Sunday, June 22, 2014

Passive Voice and the Novelist’s Voice

Novel readers don’t ask for much: A powerful plot. Compelling characters. A voice you could listen to forever.

What don’t novel readers ask for? A novel where there is a plot based on decisions that should be made by characters who are being described by a narrator resulting in a voice that is passive. There is (good construction to avoid) no justification for that!

Novelists rarely incite that much irritation. But the sentence does illustrate the connection between passive voice—and no voice. In “The Pleasures and Perils of the Passive,” Constance Hale identifies both kinds of voice: “Most (though not all) verbs have a property known as ‘voice,’ which can be either active or passive. The voice of a verb is different from both the common notion of voice (the timbre produced by a person’s vocal cords) and the literary notion (the ineffable way the writer’s words work on the page).”

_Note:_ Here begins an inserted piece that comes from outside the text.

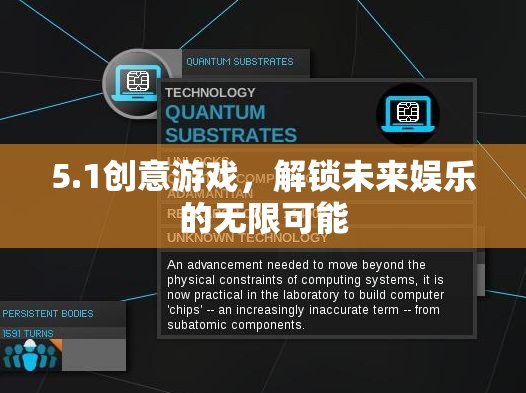 創(chuàng)意游戲，解鎖未來娛樂的無限可能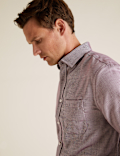 Regular Fit  Pure Cotton Regular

Stephen King delivers this warning in “Why and How to Avoid Passive Voice”:  “You should avoid the passive voice. I’m not the only one who says so; you can find the same advice in ‘The Elements of Style’.  Messrs. Strunk and White don't speculate as to why so many writers are attracted to passive verbs, but I'm willing to; I think timid writers like them for the same reason timid lovers like passive partners. The passive voice is safe.”

Safe or not, the passive voice is wordy, cumbersome, and unintentionally comic: “The ball was hit by the girl.” Will that release your voice? Seriously?

To find your voice, you must first counteract insecurity and self-consciousness, then enchant through syntax, music, diction, rhythm, figurative language, and on and on. Why add an awkward, usually displeasing construction that makes all that harder?  Because exceptions exist (though preferably not expressed as “There are exceptions”).

~ Would a sentence become unclear or ungainly if you traded subject for object?

The Emperor was attacked by an enraged people, starving and humiliated, whom he’d recently enslaved in a victory that generated, song, poem, statue and—revolution.

~ Do you intentionally seek distance? Ambiguity? A certain tone or rhythm?

There are truths few humans can endure, truths awaiting someone to voice them.

How to choose when to give in and use passive voice?

Tip: Imagine that each passive sentence costs $50,000. Then spend your cash wisely.


After all, W.H. Auden proclaimed, “All I have is a voice.” And that’s all anyone has.